• [Exercise prompt]:
Pull out every line in the data that has the string "with" in it.

Dataset items:
--*--

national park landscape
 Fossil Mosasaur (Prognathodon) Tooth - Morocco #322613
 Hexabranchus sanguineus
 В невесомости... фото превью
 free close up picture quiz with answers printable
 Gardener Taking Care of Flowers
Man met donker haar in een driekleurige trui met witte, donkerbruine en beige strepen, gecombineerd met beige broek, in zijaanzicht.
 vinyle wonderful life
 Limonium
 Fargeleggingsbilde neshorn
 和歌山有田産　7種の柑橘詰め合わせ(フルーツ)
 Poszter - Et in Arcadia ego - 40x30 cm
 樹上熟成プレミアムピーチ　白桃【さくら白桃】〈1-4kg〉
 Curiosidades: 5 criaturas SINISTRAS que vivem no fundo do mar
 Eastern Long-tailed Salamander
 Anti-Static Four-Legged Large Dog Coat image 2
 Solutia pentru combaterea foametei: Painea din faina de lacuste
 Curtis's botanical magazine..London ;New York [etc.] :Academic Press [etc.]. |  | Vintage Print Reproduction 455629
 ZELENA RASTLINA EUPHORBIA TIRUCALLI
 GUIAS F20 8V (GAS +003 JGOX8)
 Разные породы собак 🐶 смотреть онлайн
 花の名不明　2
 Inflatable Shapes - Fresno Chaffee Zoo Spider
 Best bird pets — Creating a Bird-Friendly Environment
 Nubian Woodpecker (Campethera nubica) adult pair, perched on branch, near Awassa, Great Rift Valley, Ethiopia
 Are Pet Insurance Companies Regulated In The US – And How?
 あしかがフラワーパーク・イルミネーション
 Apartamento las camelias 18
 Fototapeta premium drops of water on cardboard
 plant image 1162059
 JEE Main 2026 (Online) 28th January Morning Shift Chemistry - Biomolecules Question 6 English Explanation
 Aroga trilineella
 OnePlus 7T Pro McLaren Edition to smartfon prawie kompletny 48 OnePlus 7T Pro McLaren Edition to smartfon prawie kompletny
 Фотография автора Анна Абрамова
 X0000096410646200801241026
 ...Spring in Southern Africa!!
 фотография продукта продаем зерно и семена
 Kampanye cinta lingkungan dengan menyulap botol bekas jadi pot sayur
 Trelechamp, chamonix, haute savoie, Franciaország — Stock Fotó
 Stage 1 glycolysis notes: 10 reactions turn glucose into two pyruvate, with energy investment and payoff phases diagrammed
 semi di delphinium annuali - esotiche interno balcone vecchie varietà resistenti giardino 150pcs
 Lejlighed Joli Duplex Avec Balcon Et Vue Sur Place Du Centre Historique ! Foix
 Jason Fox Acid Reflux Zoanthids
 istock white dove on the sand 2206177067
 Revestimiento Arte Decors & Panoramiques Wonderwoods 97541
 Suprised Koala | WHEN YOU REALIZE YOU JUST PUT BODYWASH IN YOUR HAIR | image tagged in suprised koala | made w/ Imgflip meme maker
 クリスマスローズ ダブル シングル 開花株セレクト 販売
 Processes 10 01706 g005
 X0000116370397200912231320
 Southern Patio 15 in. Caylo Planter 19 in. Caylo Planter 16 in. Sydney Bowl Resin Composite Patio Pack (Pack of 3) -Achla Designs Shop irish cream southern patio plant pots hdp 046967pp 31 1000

--*--

• [Written reply]:
 free close up picture quiz with answers printable
 Stage 1 glycolysis notes: 10 reactions turn glucose into two pyruvate, with energy investment and payoff phases diagrammed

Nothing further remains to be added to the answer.